How did the chicken cross the road?

Make the following assumptions:

$d =$ the north/south distance between the next car and the chicken when the chicken starts crossing (in meters)

$t =$ the amount of time (in seconds) until the car reaches the chicken

$\theta =$ the angle the chicken crosses the road (radians north of east)

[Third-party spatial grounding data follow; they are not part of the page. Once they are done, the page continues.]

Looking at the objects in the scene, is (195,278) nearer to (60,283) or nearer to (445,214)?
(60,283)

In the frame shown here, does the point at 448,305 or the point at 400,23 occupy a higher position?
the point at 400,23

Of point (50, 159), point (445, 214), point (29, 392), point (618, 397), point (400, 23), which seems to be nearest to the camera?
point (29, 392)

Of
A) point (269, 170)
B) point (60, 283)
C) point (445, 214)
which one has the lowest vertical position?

$w =$ the east/west distance the chicken travels before the car reaches it

$s_{car} =$ the speed of the car = 80 km/hr = 200/9 m/s

$s_{chicken} =$ the speed of the chicken = 0.25 m/s

Then we have the following:

$w = s_{chicken}t\cos\theta$

$s_{car}t = d + s_{chicken}t\sin\theta$

Solving for $t$ in the second equation we get:

$t = \frac {d} {s_{car} - s_{chicken}\sin\theta}$

Substituting this value of $t$ into the first equation we have:

$w = \frac {s_{chicken}d\cos\theta} {s_{car} - s_{chicken}\sin\theta}$

We want to maximize the chicken's chance of crossing the road successfully, which is equivalent to maximizing the value of $w$ . We do this by differentiating the RHS of the last equation with respect to $\theta$ and setting the derivative equal to 0.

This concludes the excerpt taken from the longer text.